Segment Open
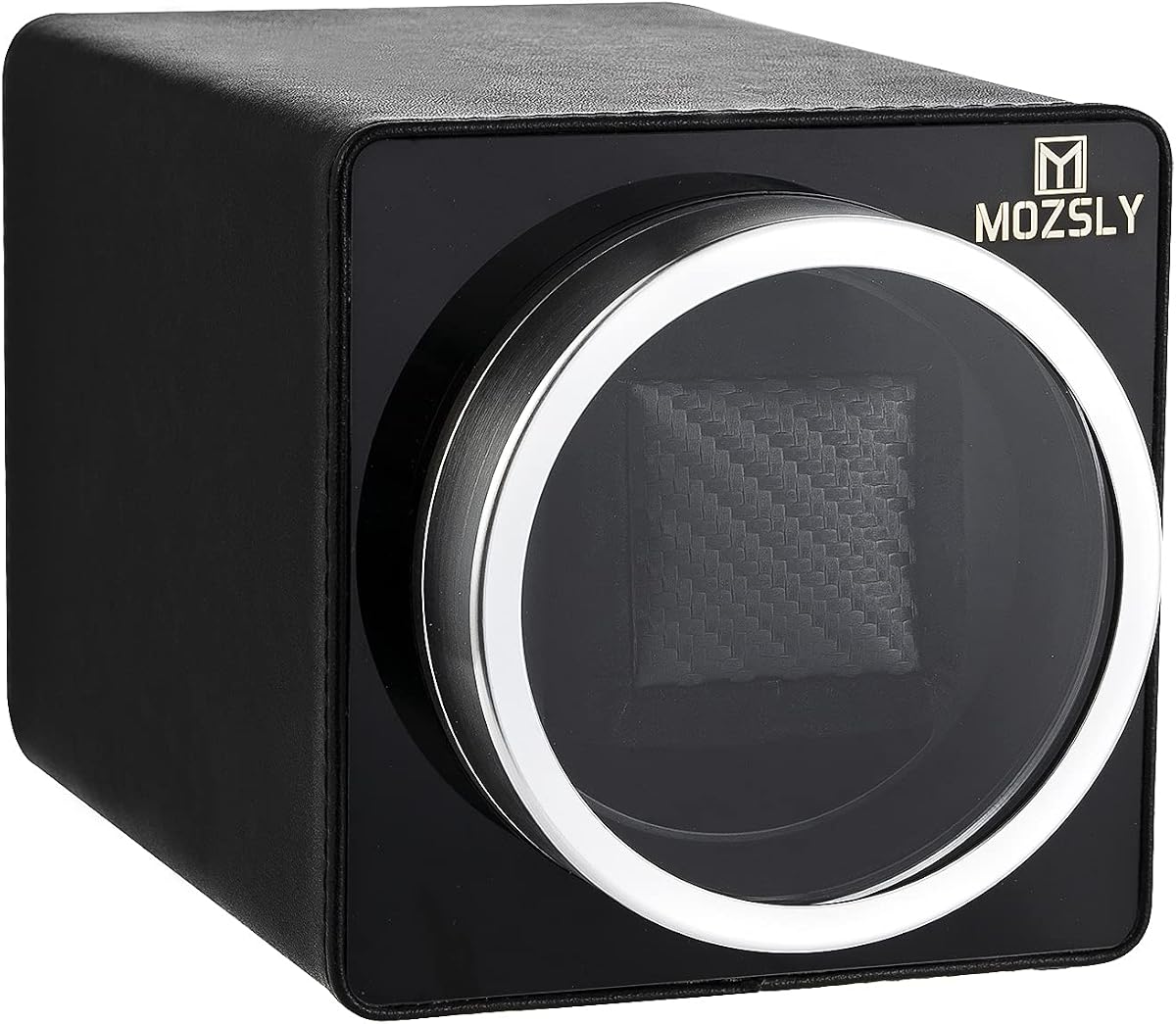 Enrollador de reloj para relojes automáticos Caja de reloj giratoria única con motor silencioso Configuración de 12 modos de rotación Alimentado por batería o adaptador de CA Cuero de PU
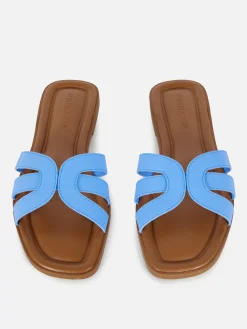 Sandales|Primark Mules à Lanières En Simili Cuir Bleu clair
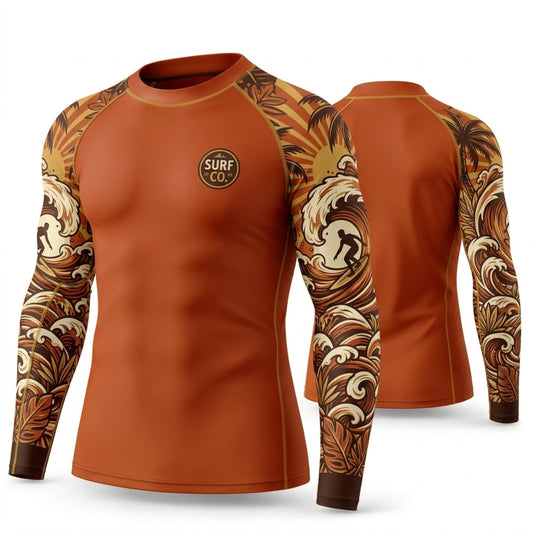 Maxcorners Personalized Japanese Tattoo Burnt Orange Shirt with Golden Wave Tattoo Sleeves 3D All Over Printed Shirts, Best Gifts for Tattoo Lovers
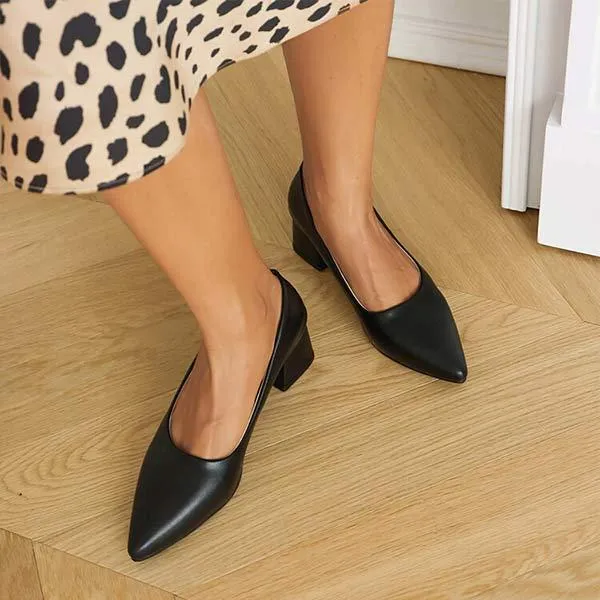 Women's Pointed-Toe Block Heel Pumps with Shallow Mouth 60065311C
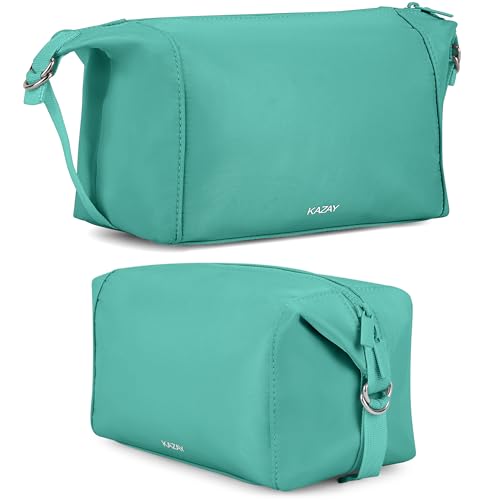 KAZAY Expandable Toiletry Bag with Side Clips for Adjustable Sizing, Premium High-Density Nylon, Open Wide Zipper, Stylish, Water Resistant, Cosmetic Bag, Makeup Bag, Full-Size Bottles, Unisex (Aqua) - color: Aqua
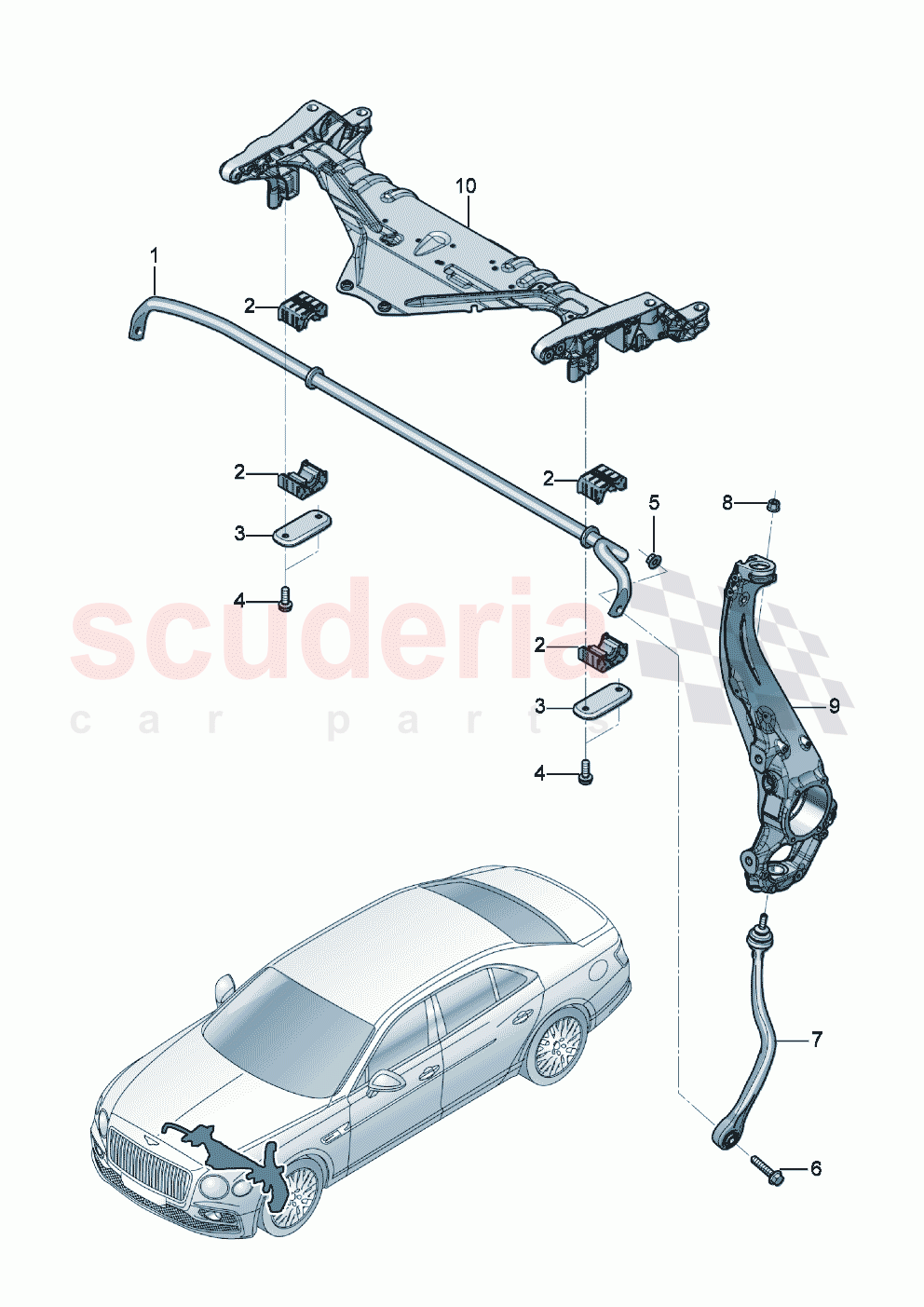 Anti-roll bar of Bentley Bentley New Flying Spur (2020-2024)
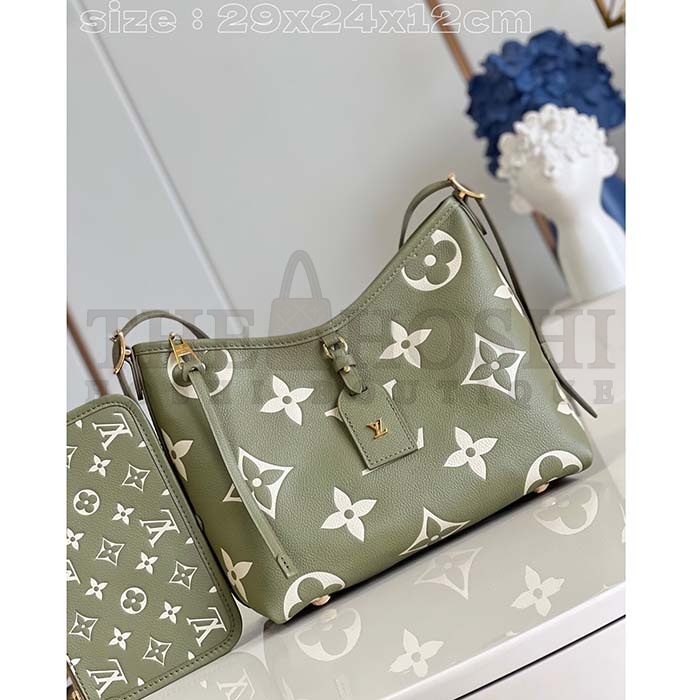 L0vis Vvtt0n LV Women CarryAll PM Bag Light Khaki Cream Monogram Empreinte Embossed Grained Cowhide Leather Master Quality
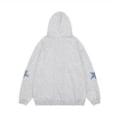Miniatyrbillede 2 af 3: Retro stjerne hoodie med lynlås, løs afslappet efterårsskjorte (L Grå)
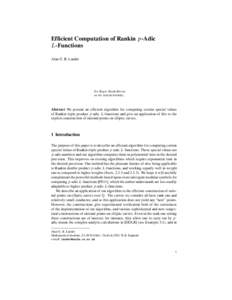Efficient Computation of Rankin p-Adic L-Functions Alan G. B. Lauder For Roger Heath-Brown on his sixtieth birthday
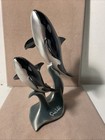 Vintage Seaworld Family Of 2 Orca Whales Shamu 7    Ceramic Statue
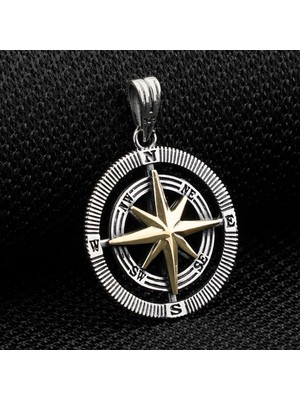 Çift Taraflı Pusula  925 Ayar Gümüş Erkek Kolye Ucu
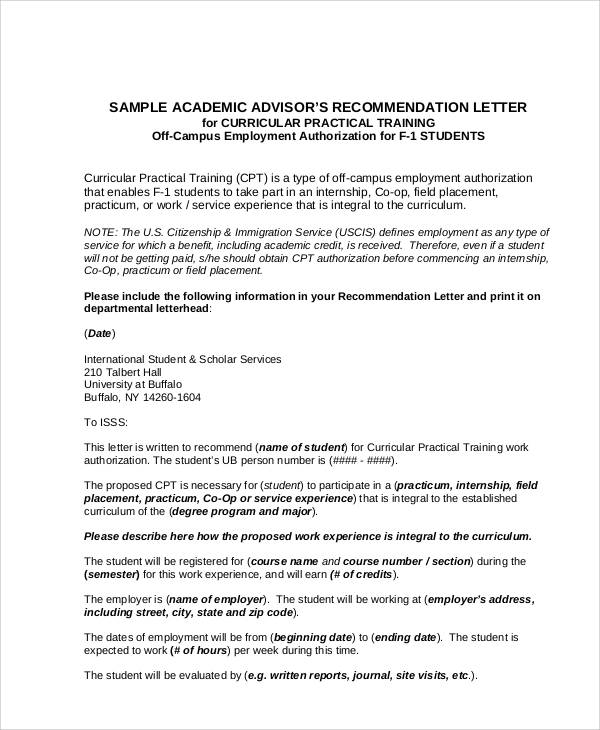 academic advisor recommendation letter
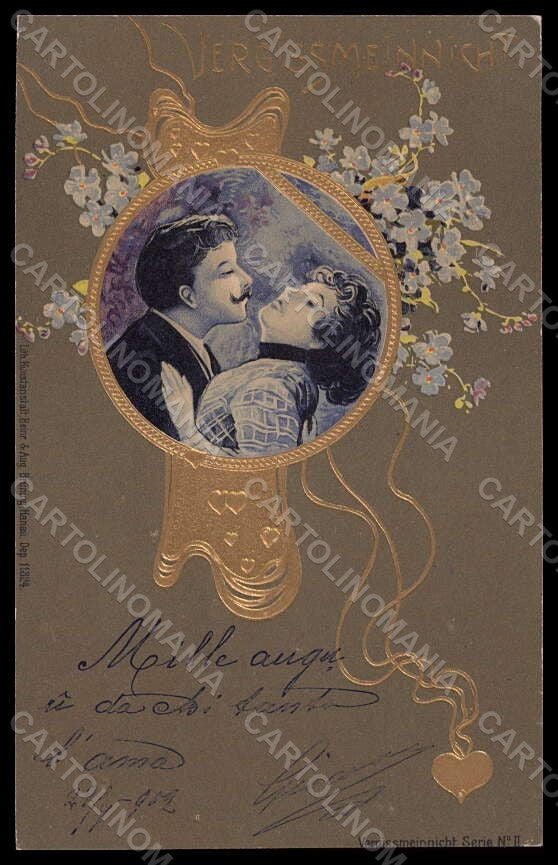 Artist Signed Jozsa Romantic Couple Myosotis Art Nouveau serie II pc VK7022 – fronte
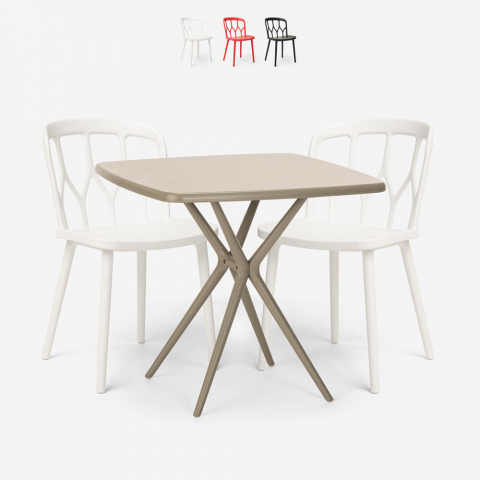 Saiku beige havebord sæt: 2 farvede stole og 72x72 cm firkantet bord Kampagne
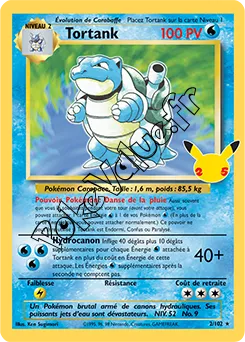 Carte Pokémon Tortank  n°BS 2 de la série Célébrations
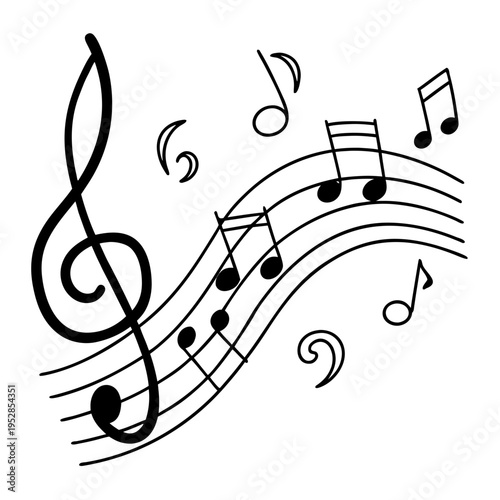 Musical notes treble clef and stave, sheet music with eighth notes and flourish, dynamic sound wave design, artistic graphic element for melody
Segment Closed
| Description of the task |
Set the material down exactly, images excluded.

| Result below |
 Enrollador de reloj para relojes automáticos Caja de reloj giratoria única con motor silencioso Configuración de 12 modos de rotación Alimentado por batería o adaptador de CA Cuero de PU
 Sandales|Primark Mules à Lanières En Simili Cuir Bleu clair
 Maxcorners Personalized Japanese Tattoo Burnt Orange Shirt with Golden Wave Tattoo Sleeves 3D All Over Printed Shirts, Best Gifts for Tattoo Lovers
 Women's Pointed-Toe Block Heel Pumps with Shallow Mouth 60065311C
 KAZAY Expandable Toiletry Bag with Side Clips for Adjustable Sizing, Premium High-Density Nylon, Open Wide Zipper, Stylish, Water Resistant, Cosmetic Bag, Makeup Bag, Full-Size Bottles, Unisex (Aqua) - color: Aqua
 Anti-roll bar of Bentley Bentley New Flying Spur (2020-2024)
 L0vis Vvtt0n LV Women CarryAll PM Bag Light Khaki Cream Monogram Empreinte Embossed Grained Cowhide Leather Master Quality
Miniatyrbillede 2 af 3: Retro stjerne hoodie med lynlås, løs afslappet efterårsskjorte (L Grå)
Efficient Computation of Rankin p-Adic L-Functions Alan G. B. Lauder For Roger Heath-Brown on his sixtieth birthday
 Vintage Seaworld Family Of 2 Orca Whales Shamu 7    Ceramic Statue
 Çift Taraflı Pusula  925 Ayar Gümüş Erkek Kolye Ucu
 academic advisor recommendation letter
 Artist Signed Jozsa Romantic Couple Myosotis Art Nouveau serie II pc VK7022 – fronte
 Saiku beige havebord sæt: 2 farvede stole og 72x72 cm firkantet bord Kampagne
 Carte Pokémon Tortank  n°BS 2 de la série Célébrations
 Musical notes treble clef and stave, sheet music with eighth notes and flourish, dynamic sound wave design, artistic graphic element for melody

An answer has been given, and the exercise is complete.